Friends of ours just got engaged this week, and that was nice news to receive. JG was pretty instrumental in helping the groom-to-be with the diamond selection, and I think we’ll have a wedding to attend next spring or summer. I picked up an engagement card along with my usual gift of thank you cards, and I’m happy for them.
Can’t you tell?
No, I really am happy for them, but I feel almost envious of all of the excitement and what they have to look ahead of them. It’s not that I don’t love being married, but it was so fun to be newly-engaged. I really enjoyed going to the parties, seeing older women at the supermarket smiling when they saw my ring, browsing wedding magazines, and creating my amazing Wedding Workbook – a collection of interconnected spreadsheets that tracked addresses, gifts, thank yous, RSVPs, expenses, and schedules. But I digress.
Now that I think about it, as momentous as it was, getting engaged was the first of many life changes that occurred over that year. Let’s see… I also graduated from college, found an apartment, landed a job (whew!), got married, bought a house, and moved in. I always had something to anticipate, something to push me forward. When I finished school, I was planning the wedding; when the wedding was over, we started house-hunting. Now that we’re sort of finished, I don’t know how to handle it. When people ask me what’s new, I’m at a loss for words. I’m at the same job, the house is still standing, and I don’t foresee any drastic changes in the near future. I feel motionless when I’m used to accelerating. Is this what they call a rut?

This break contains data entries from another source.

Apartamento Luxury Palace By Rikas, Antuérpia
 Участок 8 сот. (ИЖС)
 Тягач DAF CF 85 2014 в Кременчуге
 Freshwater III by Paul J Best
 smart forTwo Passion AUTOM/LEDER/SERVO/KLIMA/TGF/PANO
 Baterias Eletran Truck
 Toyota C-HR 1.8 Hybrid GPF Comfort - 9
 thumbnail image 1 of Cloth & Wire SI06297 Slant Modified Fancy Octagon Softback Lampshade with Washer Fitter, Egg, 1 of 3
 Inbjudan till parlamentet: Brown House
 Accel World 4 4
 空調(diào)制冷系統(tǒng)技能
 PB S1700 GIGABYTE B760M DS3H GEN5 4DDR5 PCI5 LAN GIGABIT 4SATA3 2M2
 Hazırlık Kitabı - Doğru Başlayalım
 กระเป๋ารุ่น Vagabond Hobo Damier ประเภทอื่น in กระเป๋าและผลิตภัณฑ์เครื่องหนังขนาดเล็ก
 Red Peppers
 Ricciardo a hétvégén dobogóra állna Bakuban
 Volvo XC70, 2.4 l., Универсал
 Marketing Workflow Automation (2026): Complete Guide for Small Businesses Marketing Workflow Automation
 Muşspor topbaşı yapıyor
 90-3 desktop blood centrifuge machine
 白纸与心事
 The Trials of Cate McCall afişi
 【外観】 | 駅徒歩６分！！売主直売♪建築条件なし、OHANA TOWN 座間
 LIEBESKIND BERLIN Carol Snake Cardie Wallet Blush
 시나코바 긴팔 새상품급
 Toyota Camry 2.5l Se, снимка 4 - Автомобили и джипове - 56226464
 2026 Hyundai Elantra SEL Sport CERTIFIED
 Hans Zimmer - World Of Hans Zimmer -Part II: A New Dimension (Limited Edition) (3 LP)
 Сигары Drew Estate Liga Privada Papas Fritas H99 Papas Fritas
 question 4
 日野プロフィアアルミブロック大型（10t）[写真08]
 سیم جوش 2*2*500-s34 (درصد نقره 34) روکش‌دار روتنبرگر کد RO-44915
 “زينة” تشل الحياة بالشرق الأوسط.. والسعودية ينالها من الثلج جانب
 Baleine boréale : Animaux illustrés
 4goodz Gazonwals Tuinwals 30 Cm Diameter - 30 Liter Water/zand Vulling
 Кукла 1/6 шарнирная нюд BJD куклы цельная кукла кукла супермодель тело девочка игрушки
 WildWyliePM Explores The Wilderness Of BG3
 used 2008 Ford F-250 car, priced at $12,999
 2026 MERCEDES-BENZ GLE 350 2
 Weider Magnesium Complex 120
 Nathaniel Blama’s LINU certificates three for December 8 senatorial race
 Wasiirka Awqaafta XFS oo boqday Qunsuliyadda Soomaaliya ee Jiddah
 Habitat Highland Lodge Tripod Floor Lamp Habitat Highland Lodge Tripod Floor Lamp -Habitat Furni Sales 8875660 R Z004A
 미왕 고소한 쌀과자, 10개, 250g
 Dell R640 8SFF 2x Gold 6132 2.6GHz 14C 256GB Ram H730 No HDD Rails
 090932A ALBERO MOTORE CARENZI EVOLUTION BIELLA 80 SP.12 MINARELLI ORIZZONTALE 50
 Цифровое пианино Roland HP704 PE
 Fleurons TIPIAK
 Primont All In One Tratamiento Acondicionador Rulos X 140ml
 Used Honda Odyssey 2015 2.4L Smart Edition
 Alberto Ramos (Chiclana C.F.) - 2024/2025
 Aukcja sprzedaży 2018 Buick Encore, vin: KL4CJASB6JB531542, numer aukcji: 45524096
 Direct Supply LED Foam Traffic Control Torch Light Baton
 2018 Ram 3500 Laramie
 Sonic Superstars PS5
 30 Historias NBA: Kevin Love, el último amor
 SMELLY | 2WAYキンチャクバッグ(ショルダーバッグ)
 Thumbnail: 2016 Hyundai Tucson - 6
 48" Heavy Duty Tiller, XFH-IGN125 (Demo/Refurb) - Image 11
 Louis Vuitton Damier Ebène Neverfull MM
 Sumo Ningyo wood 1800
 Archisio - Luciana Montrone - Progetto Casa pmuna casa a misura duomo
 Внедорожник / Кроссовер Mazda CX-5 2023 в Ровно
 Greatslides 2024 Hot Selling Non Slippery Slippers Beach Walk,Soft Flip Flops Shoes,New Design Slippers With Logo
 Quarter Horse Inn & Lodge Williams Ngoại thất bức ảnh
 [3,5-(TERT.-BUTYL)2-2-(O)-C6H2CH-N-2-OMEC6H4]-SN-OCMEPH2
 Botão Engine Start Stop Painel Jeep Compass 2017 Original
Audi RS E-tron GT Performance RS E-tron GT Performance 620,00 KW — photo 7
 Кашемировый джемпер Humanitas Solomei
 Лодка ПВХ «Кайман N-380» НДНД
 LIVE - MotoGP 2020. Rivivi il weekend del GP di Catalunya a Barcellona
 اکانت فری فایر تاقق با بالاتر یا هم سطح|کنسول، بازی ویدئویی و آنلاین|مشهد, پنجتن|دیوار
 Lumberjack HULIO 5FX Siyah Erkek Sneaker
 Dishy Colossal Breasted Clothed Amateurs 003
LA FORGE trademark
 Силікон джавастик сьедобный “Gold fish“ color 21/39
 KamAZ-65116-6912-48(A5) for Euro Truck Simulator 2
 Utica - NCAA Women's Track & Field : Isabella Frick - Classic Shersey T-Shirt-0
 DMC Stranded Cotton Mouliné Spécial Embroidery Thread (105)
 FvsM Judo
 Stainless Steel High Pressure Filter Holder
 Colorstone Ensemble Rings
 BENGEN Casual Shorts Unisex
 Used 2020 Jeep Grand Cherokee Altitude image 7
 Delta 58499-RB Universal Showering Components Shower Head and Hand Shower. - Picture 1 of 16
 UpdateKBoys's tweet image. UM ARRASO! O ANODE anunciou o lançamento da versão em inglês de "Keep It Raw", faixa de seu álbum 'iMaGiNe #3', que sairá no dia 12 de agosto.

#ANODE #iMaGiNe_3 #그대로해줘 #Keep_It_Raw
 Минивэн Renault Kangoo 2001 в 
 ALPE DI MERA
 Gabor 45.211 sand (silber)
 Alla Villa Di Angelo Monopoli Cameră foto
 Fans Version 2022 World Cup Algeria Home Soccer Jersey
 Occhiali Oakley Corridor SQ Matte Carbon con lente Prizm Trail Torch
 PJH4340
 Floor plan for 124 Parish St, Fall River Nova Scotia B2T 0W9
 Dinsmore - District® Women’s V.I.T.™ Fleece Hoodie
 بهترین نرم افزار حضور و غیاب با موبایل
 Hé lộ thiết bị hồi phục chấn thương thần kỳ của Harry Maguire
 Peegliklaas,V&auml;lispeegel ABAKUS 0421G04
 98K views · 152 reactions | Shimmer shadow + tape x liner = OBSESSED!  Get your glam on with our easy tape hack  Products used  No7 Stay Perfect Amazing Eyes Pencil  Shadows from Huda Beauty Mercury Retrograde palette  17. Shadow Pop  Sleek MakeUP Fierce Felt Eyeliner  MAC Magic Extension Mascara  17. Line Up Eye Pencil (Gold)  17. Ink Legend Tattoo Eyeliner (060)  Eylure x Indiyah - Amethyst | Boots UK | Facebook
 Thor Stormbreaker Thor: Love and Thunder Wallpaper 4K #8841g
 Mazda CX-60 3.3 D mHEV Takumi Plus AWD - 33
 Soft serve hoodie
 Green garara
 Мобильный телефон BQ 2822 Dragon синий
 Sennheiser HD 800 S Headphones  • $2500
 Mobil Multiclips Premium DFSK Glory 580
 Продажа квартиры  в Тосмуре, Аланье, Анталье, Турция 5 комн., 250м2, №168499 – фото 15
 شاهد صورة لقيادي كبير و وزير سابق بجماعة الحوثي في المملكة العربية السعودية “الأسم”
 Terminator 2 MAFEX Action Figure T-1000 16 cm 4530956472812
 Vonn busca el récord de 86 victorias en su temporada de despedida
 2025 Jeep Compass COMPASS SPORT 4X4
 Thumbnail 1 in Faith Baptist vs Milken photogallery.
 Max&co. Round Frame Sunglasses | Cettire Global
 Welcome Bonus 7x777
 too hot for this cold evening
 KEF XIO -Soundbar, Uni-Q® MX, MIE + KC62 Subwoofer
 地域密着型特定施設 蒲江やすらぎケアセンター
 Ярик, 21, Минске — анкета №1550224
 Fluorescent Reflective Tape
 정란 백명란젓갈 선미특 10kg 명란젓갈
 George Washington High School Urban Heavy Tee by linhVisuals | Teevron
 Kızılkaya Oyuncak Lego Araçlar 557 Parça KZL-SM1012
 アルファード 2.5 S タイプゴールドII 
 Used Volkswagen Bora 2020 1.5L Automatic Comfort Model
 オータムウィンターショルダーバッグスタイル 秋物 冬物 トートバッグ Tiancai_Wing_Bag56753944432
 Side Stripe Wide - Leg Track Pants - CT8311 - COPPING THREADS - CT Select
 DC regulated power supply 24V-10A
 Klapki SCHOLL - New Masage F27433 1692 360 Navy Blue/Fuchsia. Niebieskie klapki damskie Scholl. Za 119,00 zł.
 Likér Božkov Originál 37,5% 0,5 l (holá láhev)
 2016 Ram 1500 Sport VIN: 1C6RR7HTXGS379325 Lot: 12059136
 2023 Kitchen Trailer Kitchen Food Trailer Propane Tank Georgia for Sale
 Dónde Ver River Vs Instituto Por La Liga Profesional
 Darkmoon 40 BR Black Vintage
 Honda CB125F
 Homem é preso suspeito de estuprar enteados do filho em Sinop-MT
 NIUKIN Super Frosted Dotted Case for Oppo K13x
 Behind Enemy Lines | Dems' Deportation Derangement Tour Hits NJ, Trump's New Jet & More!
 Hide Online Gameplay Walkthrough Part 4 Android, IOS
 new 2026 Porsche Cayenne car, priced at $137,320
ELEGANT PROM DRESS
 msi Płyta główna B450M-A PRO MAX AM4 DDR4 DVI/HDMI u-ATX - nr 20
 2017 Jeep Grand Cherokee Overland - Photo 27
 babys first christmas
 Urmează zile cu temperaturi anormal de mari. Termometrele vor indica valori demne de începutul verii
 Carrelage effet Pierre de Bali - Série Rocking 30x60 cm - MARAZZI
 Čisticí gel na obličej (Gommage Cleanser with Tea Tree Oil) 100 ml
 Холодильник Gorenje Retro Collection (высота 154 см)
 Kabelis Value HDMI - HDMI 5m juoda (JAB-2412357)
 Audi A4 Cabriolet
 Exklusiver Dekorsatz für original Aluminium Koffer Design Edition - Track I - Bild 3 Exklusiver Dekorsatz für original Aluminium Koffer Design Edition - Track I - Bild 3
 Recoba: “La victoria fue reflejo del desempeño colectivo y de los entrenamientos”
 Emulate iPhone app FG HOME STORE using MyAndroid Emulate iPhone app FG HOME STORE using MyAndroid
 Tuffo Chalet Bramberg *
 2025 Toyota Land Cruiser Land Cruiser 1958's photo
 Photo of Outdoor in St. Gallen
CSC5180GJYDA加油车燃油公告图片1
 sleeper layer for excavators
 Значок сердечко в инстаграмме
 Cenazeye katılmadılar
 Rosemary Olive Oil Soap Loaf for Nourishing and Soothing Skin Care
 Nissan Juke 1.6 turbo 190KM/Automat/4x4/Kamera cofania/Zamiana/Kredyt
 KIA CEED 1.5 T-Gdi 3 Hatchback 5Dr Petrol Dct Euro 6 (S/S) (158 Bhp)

Maybe it’s a good thing. Maybe I’m easing into a time of life where things are stable so that I can do… well, I don’t know what. That’s another part of this restless discontent. What am I doing with myself? I feel oddly guilty that I’m not striving for something, like I got married and checked my ambition at the door.
I’m sure I’ll look back on this period, thinking wistfully about how much leisure time I had, and scoff that I was too young to appreciate it. The trick is to savor the stillness and lack of urgency now, I suppose. And perhaps this is a time to count my many blessings, count them one by one.